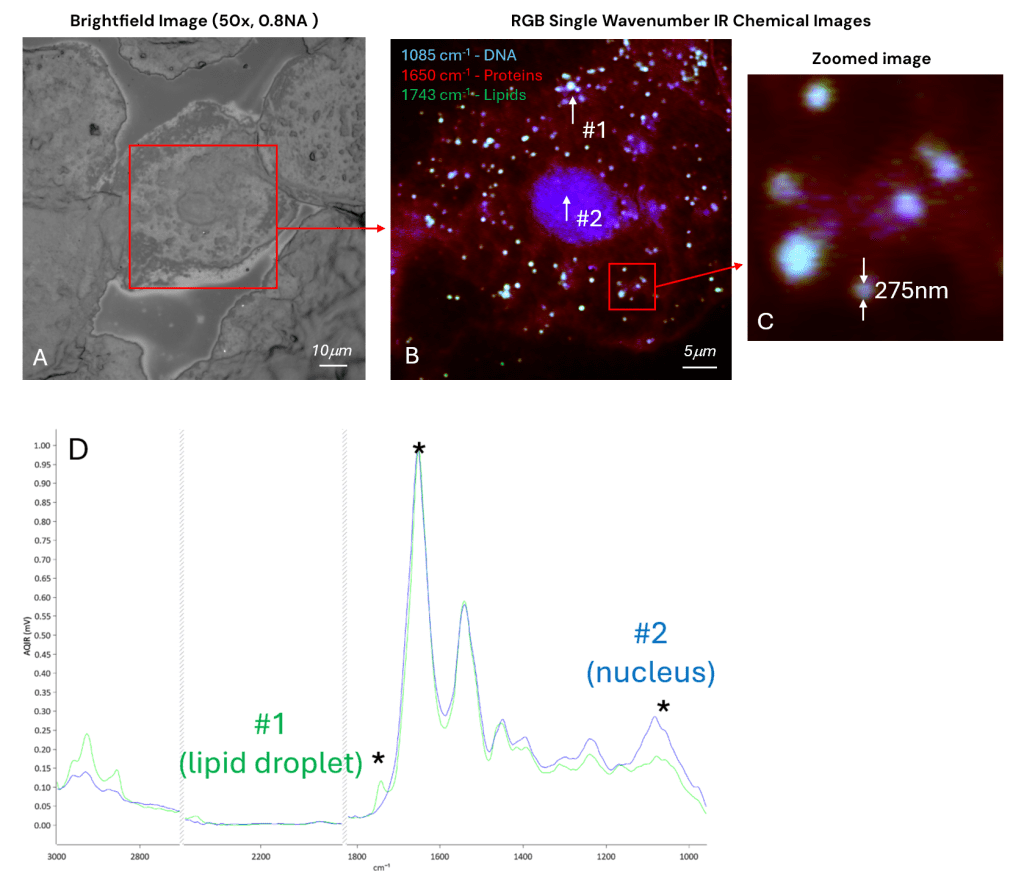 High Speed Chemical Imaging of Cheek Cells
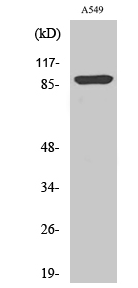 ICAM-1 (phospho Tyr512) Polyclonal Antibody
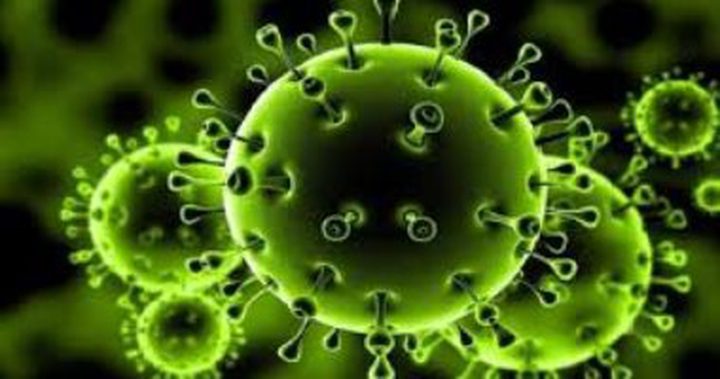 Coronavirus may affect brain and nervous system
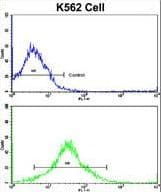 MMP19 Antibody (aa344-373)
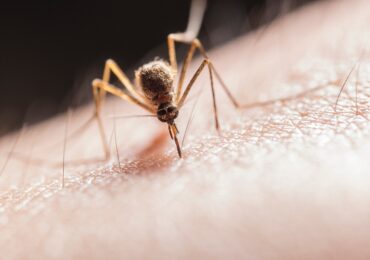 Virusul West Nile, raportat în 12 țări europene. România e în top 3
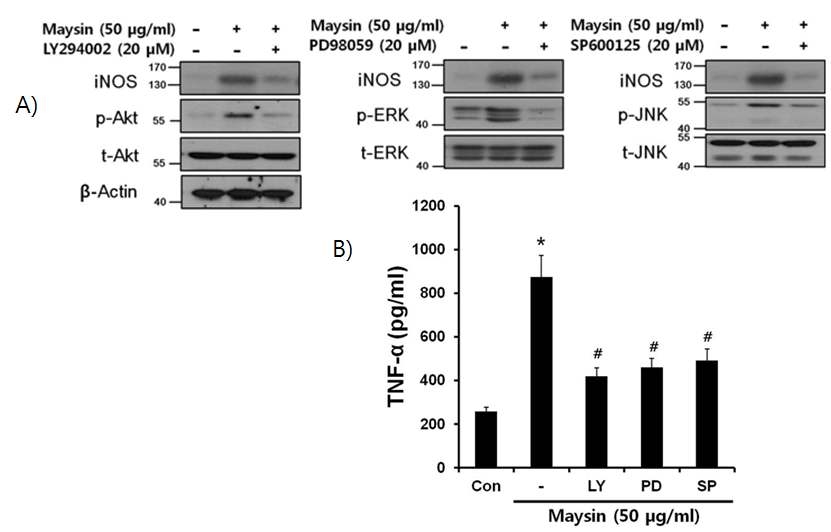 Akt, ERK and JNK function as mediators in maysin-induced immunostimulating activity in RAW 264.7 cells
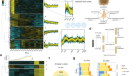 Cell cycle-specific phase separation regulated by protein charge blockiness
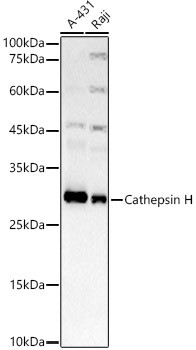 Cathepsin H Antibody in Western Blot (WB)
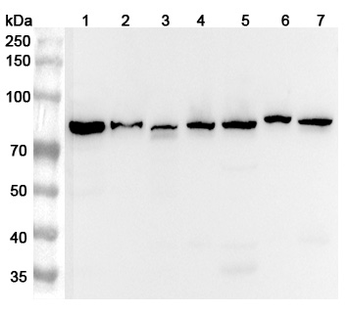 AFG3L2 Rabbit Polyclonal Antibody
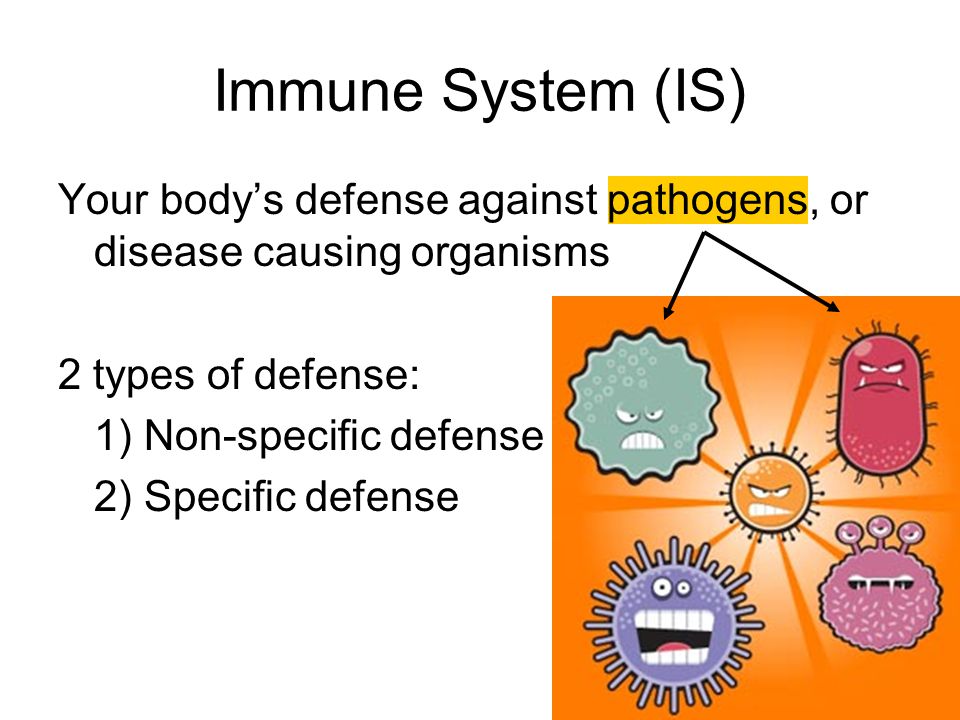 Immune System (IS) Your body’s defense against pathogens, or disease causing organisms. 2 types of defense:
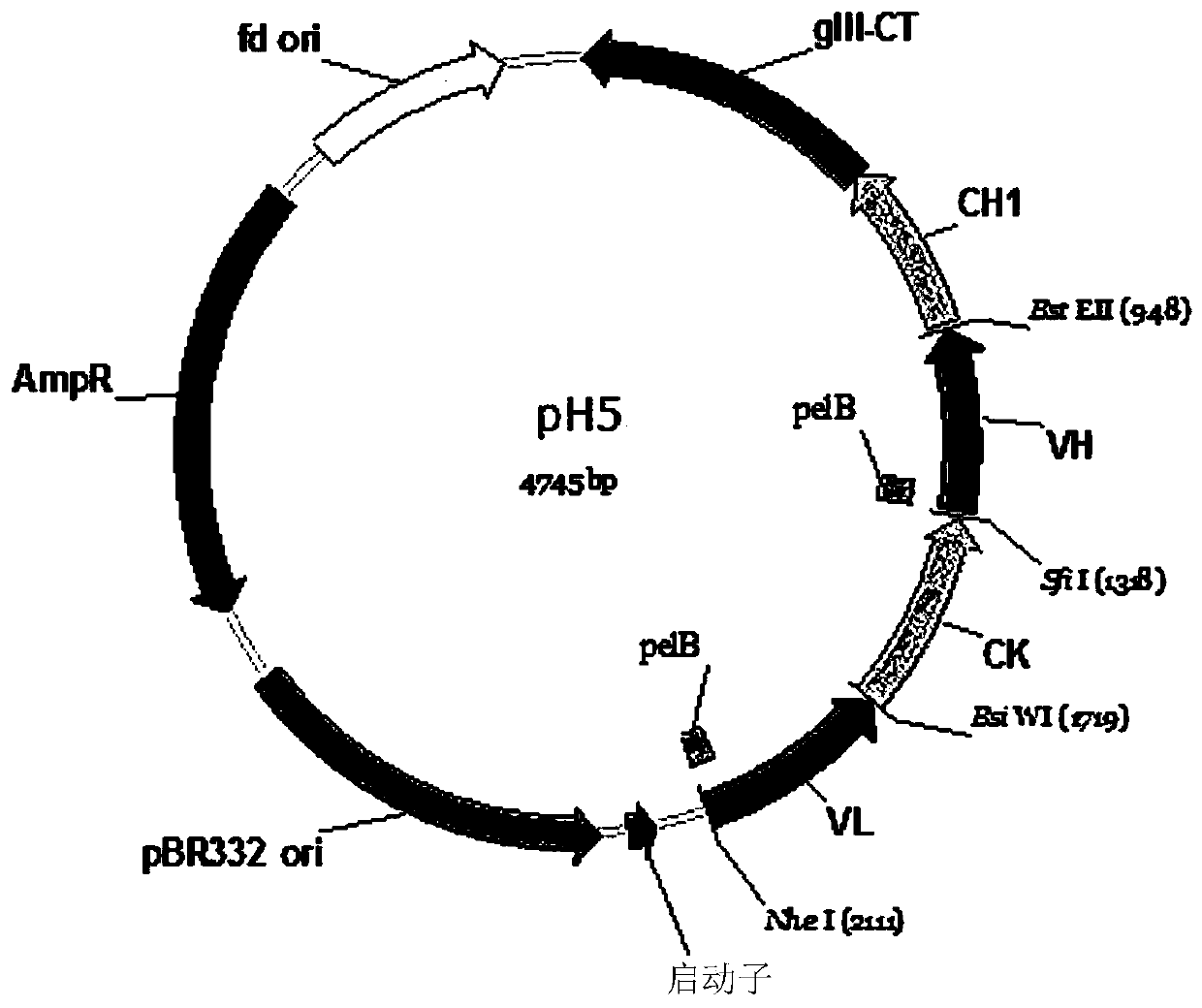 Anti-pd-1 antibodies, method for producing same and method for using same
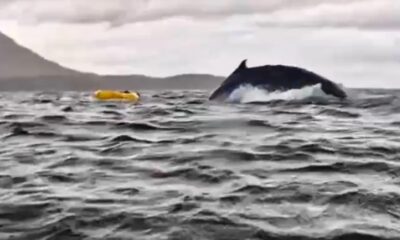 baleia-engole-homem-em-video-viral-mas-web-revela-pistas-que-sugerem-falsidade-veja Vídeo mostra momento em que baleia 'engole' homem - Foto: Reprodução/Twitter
◇ ◇ ◇
In the records above, find the line containing "Immune System (IS)", then write out exactly that line and every later one through the last, omitting pictures.

 Immune System (IS) Your body’s defense against pathogens, or disease causing organisms. 2 types of defense:
 Anti-pd-1 antibodies, method for producing same and method for using same
 baleia-engole-homem-em-video-viral-mas-web-revela-pistas-que-sugerem-falsidade-veja Vídeo mostra momento em que baleia 'engole' homem - Foto: Reprodução/Twitter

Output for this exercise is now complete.